お住まい拝見
2018年10月5日更新
大空間で緑も身近に|プラソ建築設計事務所
[お住まい拝見・仕切らず広々自由度高く]「緑と調和した建物が好き。仕切らず広々と造りたかった」と話すWさん(50)。2面の大開口で室内外がつながる住まいは、「手を加える楽しみがある」とほほ笑む。
1階キッチンからLDK、玄関を見る。キッチンはコンクリート製。正面の玄関側と南側(写真右手)、2面が大きなガラス窓になっていて、庭の緑が身近に感じられる
手を加え変化楽しむ
Wさん宅
RC造/自由設計/家族2人
東京から夫人(38)の故郷・沖縄に移住したWさん夫妻。亜熱帯の樹木が伸びやかに育つ庭の中央にたたずむ2階建ての住宅。居室は1階にLDKと水回り空間、2階に寝室の3部屋のみで、玄関のある東側と南側に大きな窓を設けた開放的な造りが特徴だ。
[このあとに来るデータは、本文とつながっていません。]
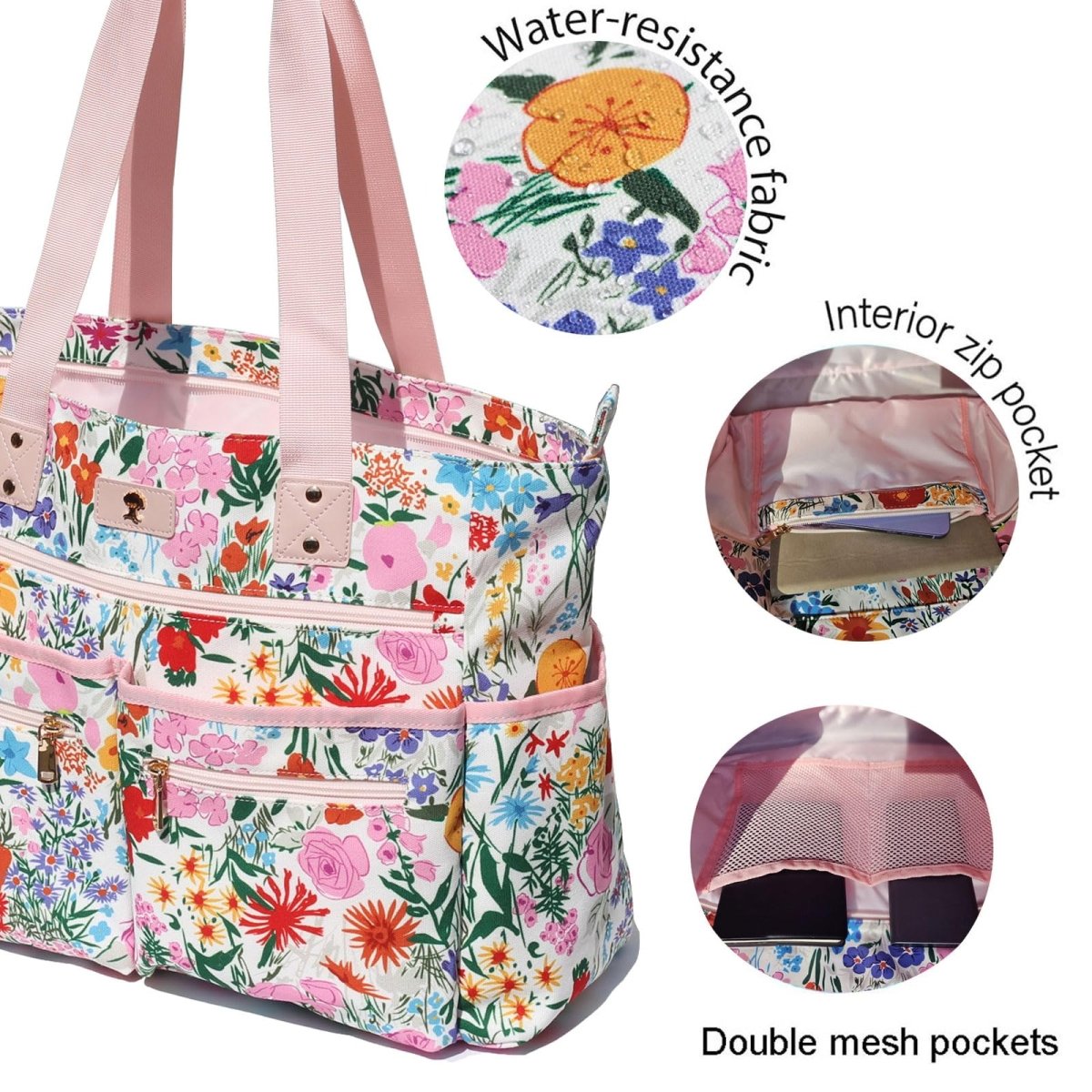 Weekender Bag Carry On Bag Overnight Tote with 13 Pockets - Lily Bloom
「緑に囲まれ、広々と暮らすことが希望でした。1階は大きな窓がたくさんあるから室内外が一体的で、緑も身近に感じられます」とWさん。玄関土間とLDKを仕切るのは、花ブロックを利用したヒンプン壁。「沖縄の雰囲気をどこかに加えたくて。外からの目隠しにもなっています」
北側の壁面に書斎コーナーと収納をまとめたLDKは、約26畳の大空間。「必要に応じて家具や布で仕切るなど、その時々でいかようにも使い方が変えられます」
キッチンは夫人のアイデアでコンクリート製に。カウンターやプランタースペースも設けられ機能的だ。「緑と融合できるキッチンが欲しくて。プランタースペースには、野菜やハーブも植える予定です。飽きたらペンキを塗ったりタイルを貼ったり、自由に着せ替えできるのもいい」と夫人。
空間の使い方も室内のしつらえも、「手を加えていく楽しみがあります」と夫妻は口をそろえる。
1階の土間からLDKを見る。北側(写真右手)の壁一面に、造りつけの書斎コーナーと引き戸式の収納をまとめてスッキリ。収納スペースにはテレビや仏壇も収められている
ガラス窓を多用した玄関。花ブロックを使ったヒンプン壁は、外部からの目隠しにもなっている
地域とつながる
「海が見える所に住みたい」と2年ほど土地を探し、読谷村で現在の敷地に巡り合った。東京と沖縄を行き来しながらの家づくり。「地元の方とのつながりができればと、読谷ですてきなデザインをされている建築士に設計を依頼。施工も地元の会社です」とWさん。
旅先の東南アジアで感銘を受けた緑と調和したホテル建築に、沖縄らしさをミックスした住宅を希望した。「沖縄のコンクリート住宅は、デザインが多彩で面白い。玄関がない昔ながらの開放的な造りも取り入れてもらいました」
遠景に海を望む屋上で、ビールを飲みながら沈む夕日や花火を眺めるのが楽しみ。「庭の一角で野菜を作ったり、植栽の手入れをするのがこれからの楽しみ。木々が生い茂るのが待ち遠しい」とWさんは目を細めた。
ここがポイント
内外つなぎ開放感生む
敷地は、道路や隣地と1.5メートルほど高低差がある角地。東側に接する道路は交通量が多く、北側と西側には隣家が立つ。建築士の小林志弘さんは、建物を敷地中央に据え、道路や隣地との間に植栽スペースと駐車場を配置することで、プライバシーを守りつつWさん夫妻が希望した「緑に囲まれた暮らし」を実現した。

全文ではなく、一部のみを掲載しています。